- [Items listed in a dataset]
******************************
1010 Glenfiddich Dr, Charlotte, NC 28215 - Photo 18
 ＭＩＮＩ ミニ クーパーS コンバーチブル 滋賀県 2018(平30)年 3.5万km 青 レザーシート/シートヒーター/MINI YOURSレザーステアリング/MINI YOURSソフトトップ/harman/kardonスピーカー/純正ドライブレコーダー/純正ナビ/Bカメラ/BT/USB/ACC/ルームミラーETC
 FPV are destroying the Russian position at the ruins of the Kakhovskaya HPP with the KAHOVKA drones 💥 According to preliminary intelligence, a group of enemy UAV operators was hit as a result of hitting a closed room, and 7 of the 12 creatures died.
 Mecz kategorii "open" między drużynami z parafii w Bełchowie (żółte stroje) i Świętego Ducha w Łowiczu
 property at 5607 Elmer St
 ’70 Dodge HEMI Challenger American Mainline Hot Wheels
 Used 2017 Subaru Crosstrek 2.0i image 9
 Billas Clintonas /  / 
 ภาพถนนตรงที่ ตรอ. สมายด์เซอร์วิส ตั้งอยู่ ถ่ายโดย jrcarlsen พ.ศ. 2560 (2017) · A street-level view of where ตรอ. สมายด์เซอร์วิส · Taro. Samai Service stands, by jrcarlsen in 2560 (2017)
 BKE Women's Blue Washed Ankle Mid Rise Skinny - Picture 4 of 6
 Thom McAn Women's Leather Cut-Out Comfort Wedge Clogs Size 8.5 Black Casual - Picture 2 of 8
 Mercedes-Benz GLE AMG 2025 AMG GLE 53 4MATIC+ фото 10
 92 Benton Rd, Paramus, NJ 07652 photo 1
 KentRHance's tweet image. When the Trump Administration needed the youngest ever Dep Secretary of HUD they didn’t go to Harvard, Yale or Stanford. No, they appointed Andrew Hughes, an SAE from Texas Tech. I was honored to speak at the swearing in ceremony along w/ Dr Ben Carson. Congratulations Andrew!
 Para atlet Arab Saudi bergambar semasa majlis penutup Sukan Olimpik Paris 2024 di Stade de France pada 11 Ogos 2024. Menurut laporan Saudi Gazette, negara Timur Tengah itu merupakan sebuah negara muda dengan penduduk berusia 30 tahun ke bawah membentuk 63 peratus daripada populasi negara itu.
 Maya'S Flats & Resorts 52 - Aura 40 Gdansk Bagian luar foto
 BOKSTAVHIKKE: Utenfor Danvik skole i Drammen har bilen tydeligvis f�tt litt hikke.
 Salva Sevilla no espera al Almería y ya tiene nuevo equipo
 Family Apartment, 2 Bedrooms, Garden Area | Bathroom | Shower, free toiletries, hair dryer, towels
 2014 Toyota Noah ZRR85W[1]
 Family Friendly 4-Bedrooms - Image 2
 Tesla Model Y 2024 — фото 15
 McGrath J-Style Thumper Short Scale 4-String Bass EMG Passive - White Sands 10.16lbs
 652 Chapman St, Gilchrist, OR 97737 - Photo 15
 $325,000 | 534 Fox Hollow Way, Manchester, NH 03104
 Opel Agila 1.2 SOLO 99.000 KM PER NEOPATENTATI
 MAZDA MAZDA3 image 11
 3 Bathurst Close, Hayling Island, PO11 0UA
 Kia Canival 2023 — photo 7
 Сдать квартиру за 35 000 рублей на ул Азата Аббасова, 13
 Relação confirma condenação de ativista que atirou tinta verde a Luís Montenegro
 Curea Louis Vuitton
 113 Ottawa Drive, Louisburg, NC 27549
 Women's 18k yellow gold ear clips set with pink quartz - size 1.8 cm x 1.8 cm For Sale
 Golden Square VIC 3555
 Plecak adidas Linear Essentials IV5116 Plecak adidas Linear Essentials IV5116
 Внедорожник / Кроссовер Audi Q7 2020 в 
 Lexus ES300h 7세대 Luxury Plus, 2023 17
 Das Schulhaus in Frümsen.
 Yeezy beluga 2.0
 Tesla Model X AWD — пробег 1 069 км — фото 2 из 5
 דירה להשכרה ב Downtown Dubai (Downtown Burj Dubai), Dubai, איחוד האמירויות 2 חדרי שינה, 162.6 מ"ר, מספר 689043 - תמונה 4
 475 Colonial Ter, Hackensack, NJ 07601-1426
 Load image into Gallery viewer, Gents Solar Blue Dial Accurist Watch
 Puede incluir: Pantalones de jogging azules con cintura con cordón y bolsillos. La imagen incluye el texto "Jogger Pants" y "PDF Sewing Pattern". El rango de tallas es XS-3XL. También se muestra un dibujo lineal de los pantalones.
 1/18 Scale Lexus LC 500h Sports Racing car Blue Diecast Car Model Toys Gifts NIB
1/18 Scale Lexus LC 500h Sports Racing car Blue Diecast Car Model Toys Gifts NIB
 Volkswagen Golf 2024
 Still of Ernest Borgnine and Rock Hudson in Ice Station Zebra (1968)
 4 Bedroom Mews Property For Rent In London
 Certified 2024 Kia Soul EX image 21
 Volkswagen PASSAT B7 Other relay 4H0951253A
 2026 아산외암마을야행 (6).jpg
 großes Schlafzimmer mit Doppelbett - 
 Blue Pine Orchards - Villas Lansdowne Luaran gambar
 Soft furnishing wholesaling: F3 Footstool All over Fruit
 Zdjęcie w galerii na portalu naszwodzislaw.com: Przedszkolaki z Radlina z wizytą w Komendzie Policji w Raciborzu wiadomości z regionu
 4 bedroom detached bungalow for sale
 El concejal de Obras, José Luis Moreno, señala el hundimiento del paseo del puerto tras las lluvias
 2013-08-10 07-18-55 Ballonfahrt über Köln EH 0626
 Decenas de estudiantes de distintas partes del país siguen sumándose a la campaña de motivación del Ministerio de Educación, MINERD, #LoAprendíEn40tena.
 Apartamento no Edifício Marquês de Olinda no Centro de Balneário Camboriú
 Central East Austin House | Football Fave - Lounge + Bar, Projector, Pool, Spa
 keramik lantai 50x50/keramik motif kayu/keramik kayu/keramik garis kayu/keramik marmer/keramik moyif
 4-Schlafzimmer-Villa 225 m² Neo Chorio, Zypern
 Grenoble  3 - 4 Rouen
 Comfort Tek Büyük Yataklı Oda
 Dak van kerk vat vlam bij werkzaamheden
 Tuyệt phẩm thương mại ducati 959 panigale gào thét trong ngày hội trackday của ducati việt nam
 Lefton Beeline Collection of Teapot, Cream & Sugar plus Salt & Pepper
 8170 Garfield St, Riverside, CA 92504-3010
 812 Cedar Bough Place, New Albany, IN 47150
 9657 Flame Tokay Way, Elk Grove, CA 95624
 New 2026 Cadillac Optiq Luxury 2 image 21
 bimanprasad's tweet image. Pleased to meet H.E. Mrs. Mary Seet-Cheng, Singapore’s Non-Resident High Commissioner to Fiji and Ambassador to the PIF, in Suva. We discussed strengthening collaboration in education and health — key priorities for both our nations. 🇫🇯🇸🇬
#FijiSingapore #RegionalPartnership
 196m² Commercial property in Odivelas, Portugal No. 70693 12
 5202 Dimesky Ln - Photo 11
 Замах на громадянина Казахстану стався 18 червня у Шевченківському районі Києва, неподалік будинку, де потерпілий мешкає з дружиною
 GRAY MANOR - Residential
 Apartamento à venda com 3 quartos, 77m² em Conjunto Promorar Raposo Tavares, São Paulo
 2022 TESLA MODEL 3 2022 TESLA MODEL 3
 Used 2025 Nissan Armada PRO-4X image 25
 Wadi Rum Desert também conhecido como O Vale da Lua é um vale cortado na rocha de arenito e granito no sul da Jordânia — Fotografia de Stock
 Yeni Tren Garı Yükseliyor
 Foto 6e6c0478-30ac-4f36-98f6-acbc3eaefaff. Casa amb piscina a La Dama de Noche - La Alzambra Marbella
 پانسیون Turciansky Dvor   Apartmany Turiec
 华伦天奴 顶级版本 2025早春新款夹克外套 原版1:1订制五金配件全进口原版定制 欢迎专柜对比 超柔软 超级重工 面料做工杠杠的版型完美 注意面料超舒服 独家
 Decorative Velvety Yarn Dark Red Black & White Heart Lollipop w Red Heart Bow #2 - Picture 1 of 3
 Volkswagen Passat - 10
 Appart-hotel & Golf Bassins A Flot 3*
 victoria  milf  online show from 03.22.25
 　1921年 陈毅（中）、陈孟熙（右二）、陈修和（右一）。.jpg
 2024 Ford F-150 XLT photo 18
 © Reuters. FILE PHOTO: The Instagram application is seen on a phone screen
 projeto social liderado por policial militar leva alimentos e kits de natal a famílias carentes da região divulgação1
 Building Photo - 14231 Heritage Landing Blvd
******************************
- [Exercise]
Every line of the records that includes the word "Used" should be gathered.

- [Exercise result]
 Used 2017 Subaru Crosstrek 2.0i image 9
 Used 2025 Nissan Armada PRO-4X image 25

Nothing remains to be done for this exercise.